Among the entries below, retype exactly the lines starting with the one with "Mercedes-Benz GLE, 2026" and going on through the one with "Jeep Wrangler 3.6 Unlim X - 8", but not the pictures.

TASK DATA
==*==
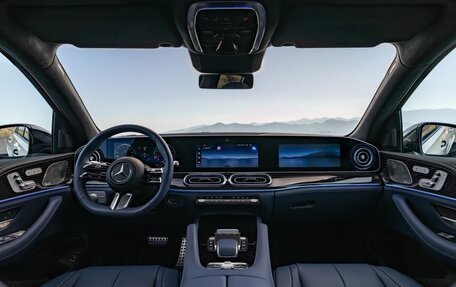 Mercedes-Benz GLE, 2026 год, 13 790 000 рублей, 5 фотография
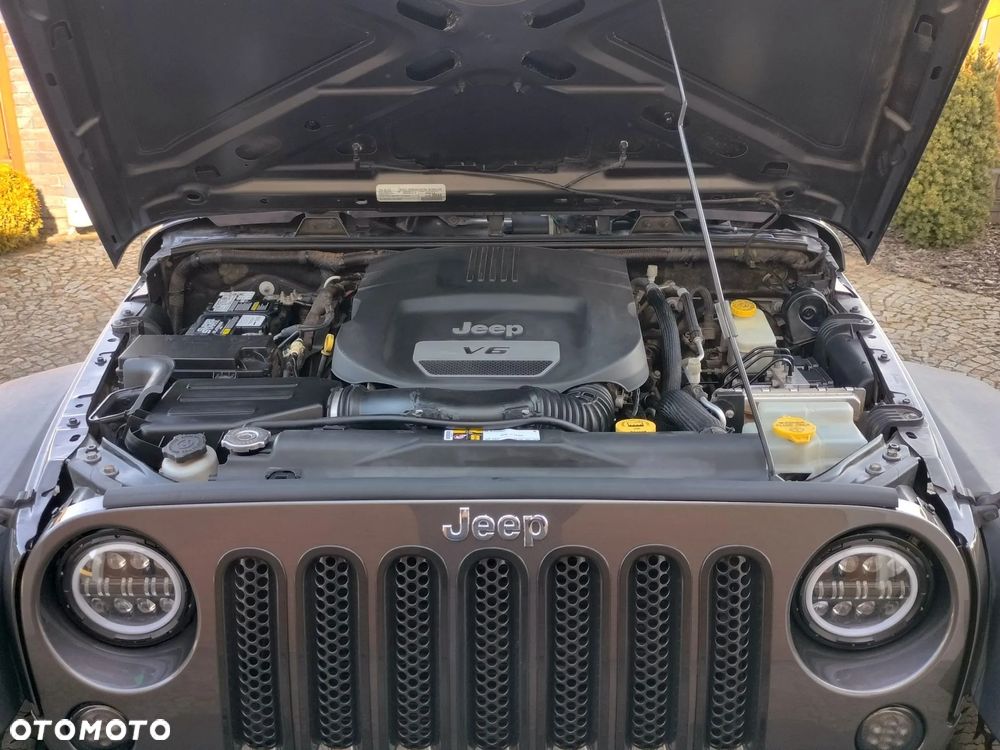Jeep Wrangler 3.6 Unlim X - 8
==*==
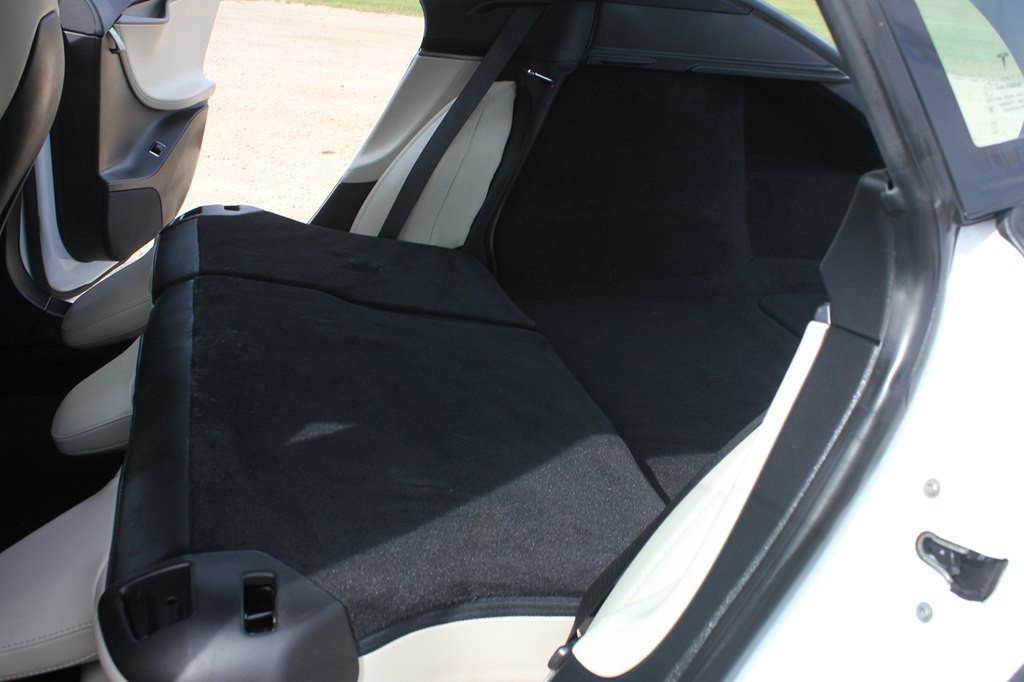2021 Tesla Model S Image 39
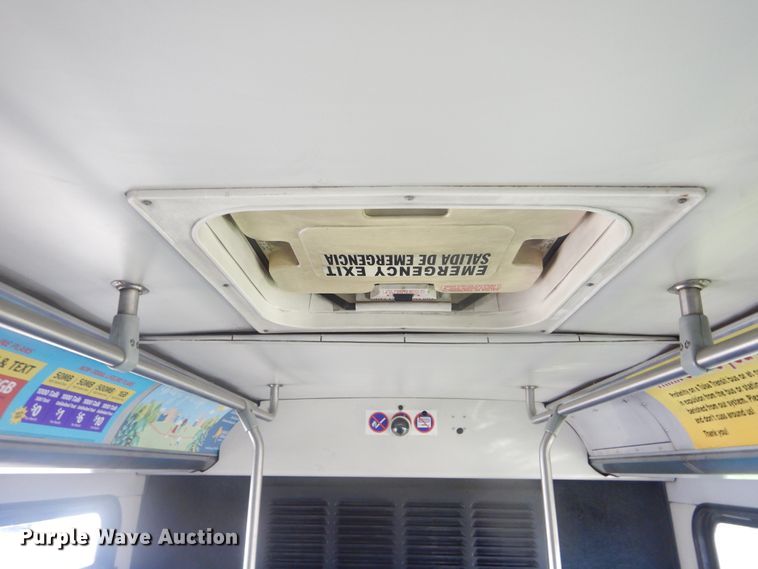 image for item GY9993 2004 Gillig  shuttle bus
==*==
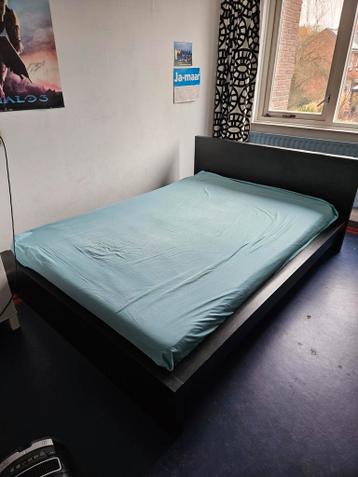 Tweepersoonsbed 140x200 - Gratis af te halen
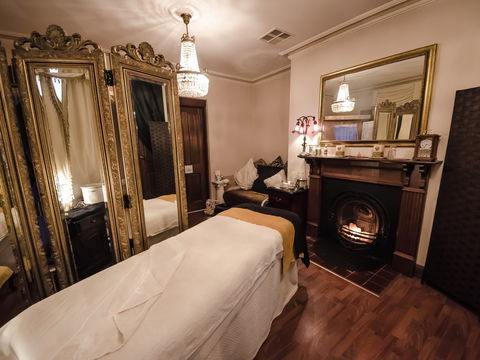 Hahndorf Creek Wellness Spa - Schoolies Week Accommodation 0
==*==
THE COMPLETED TASK
 Mercedes-Benz GLE, 2026 год, 13 790 000 рублей, 5 фотография
Jeep Wrangler 3.6 Unlim X - 8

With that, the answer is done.